Selon un sondage BVA paru en 2019, 23 % des Français ne sont pas à l’aise avec Internet et, parmi eux, 12 % de jeunes connaissent une véritable exclusion numérique.

Les écrans ont beau s’imposer, de nombreuses personnes, et pas seulement des gens âgés, n’ont pas accès aux outils numériques. Selon un sondage BVA paru en 2019, 23 % des Français ne sont pas à l’aise avec Internet et, parmi eux, 12 % de jeunes connaissent une véritable exclusion numérique. Celle-ci est consécutive à une exclusion sociale plus globale. Ainsi, selon Emmaüs Connect qui se bat pour aider ces populations, 40 % des personnes précaires financièrement le sont aussi d’un point de vue numérique. D’autres profils connaissent par ailleurs des difficultés personnelles pour appréhender le web et ses codes qui semblent si évidents pour d’autres.

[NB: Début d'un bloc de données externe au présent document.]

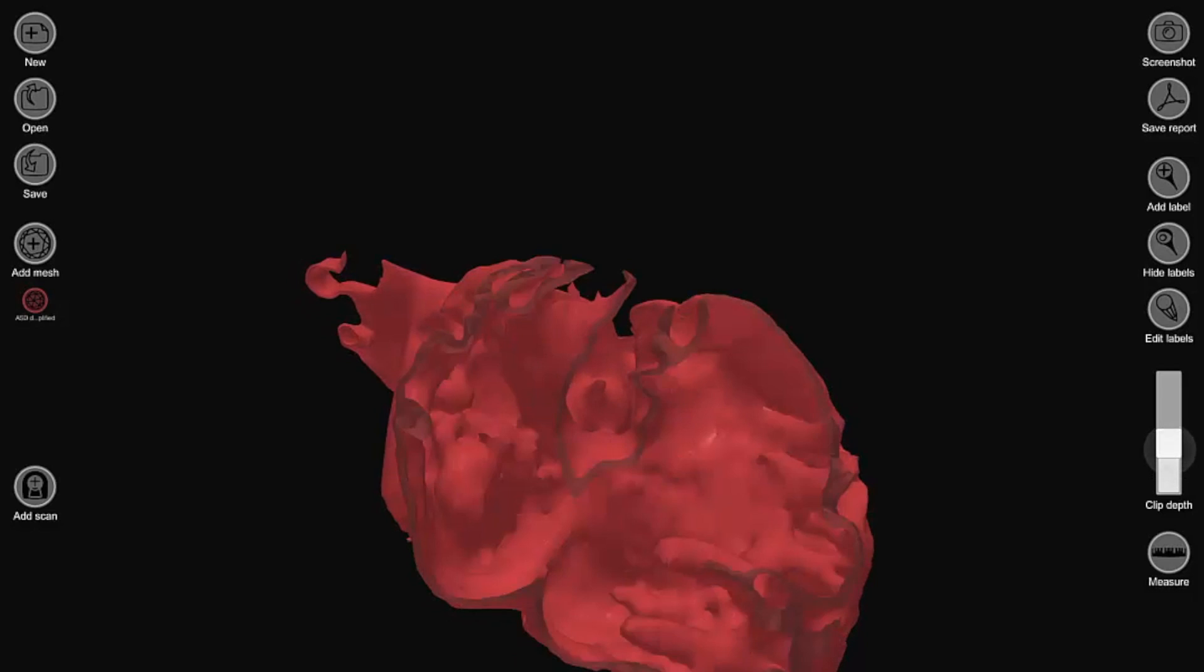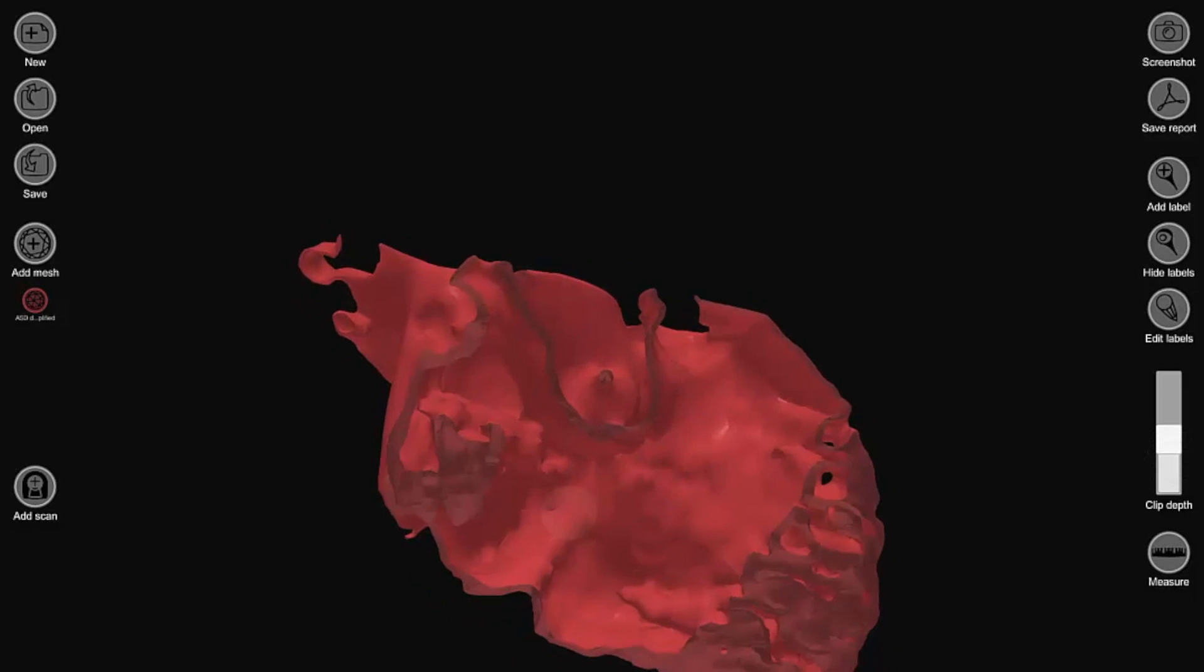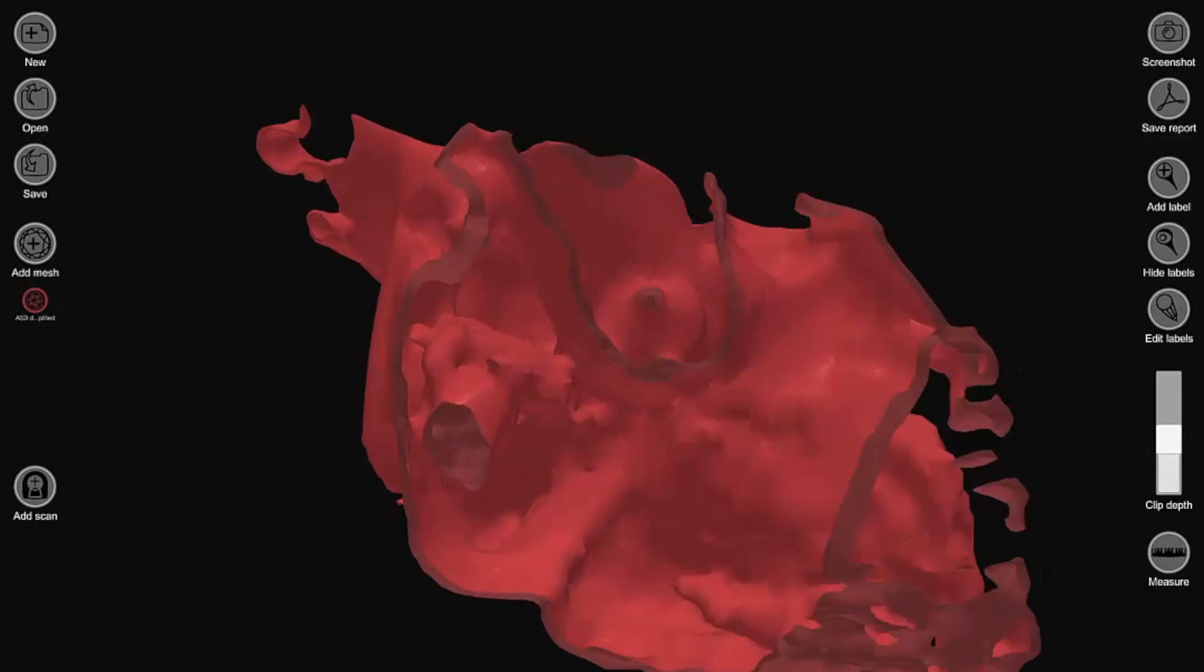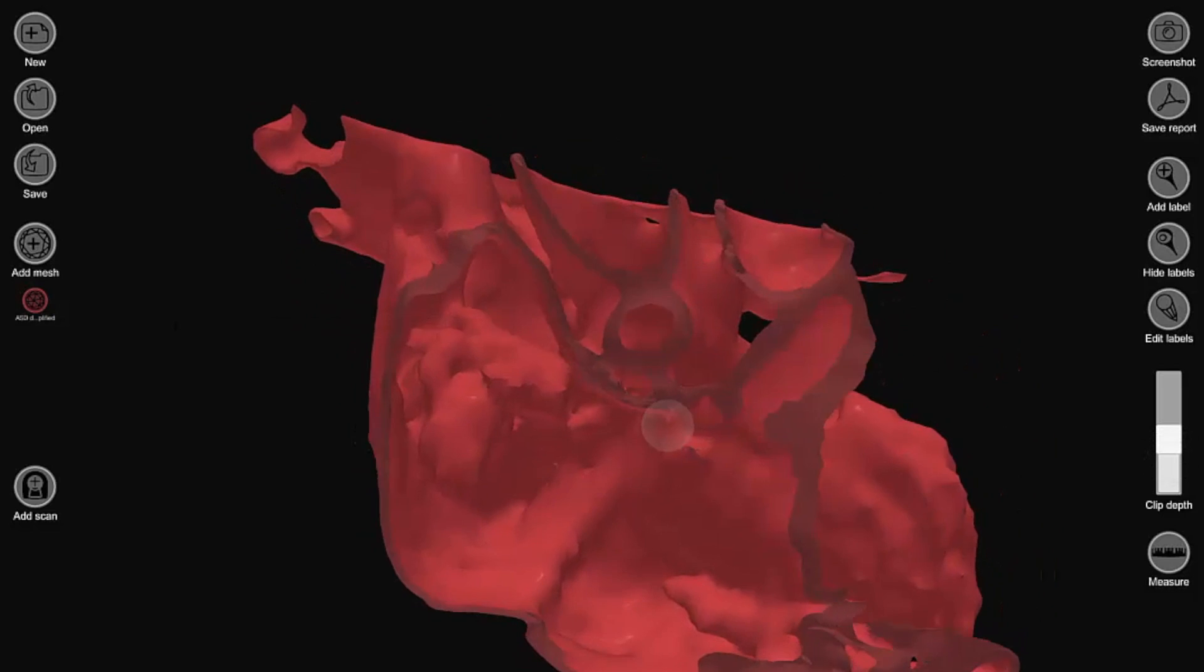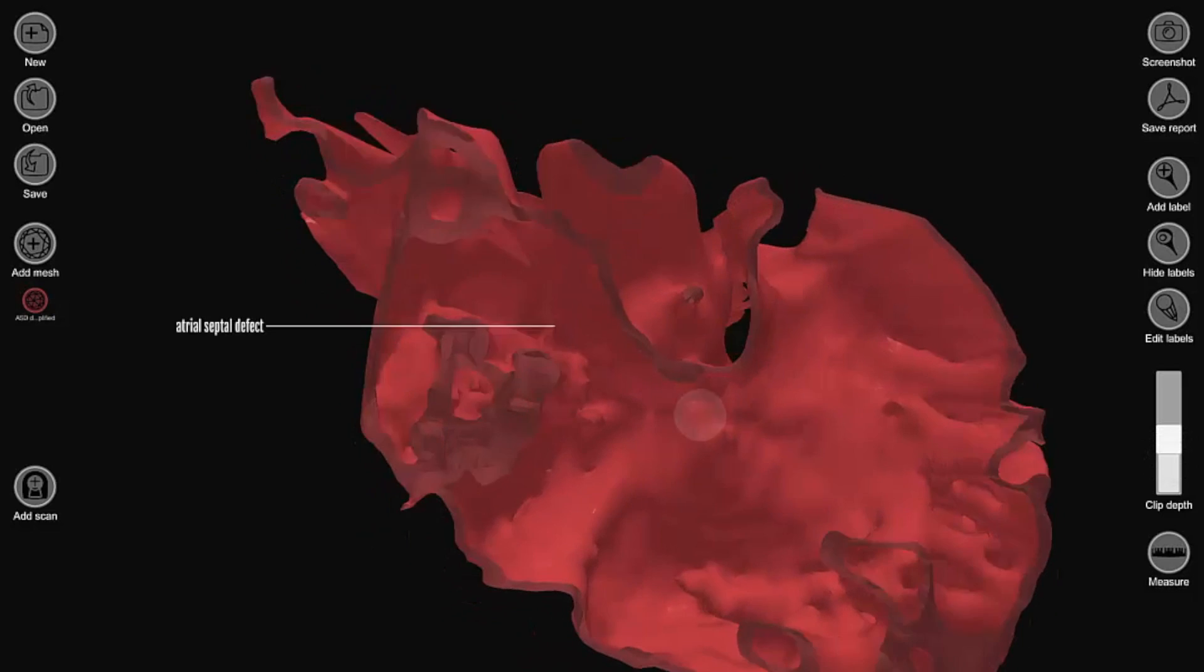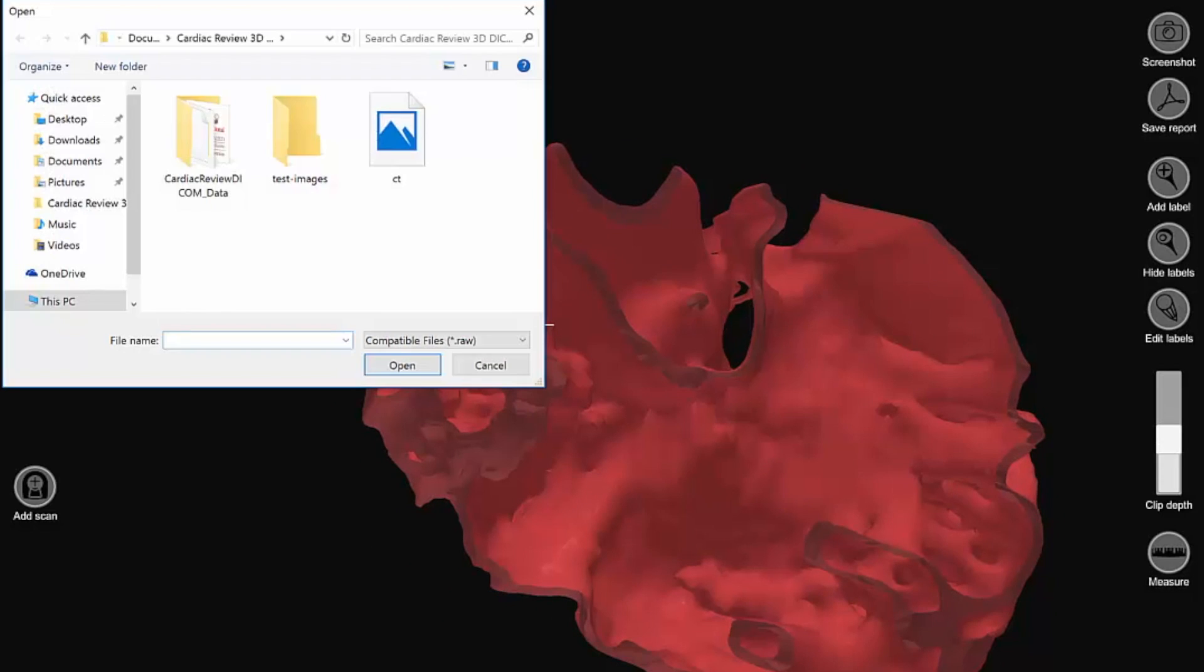The model can also be enhanced by displaying it on a background of the medical images from which it was derived.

Aujourd’hui, alors que tout recrutement passe prioritairement par Internet, même pour des postes peu qualifiés, le fossé devient de plus en plus grand. Pour tenter d’inverser le cours des choses, la formation de base au numérique s’impose comme une étape essentielle. Le gouvernement, afin de favoriser l’apprentissage aux rudiments du web, a mis en place un carnet de 10 tickets valant 10 euros chacun, à la manière des tickets restaurant, permettant de se former lors d’ateliers dans les écoles numériques, les médiathèques ou encore les fab-labs. Ce dispositif appelé #APTIC, lancé à l’été 2019, souffre pourtant d’un déficit de notoriété. Et pour les bénéficiaires, qui doivent en faire eux-mêmes la demande, la démarche n’est pas évidente. Et cela, même si les agences Pôle Emploi ou encore les Missions Locales sont invitées à en faire la promotion auprès des populations concernées. L’inclusion numérique demande sûrement des actions plus visibles.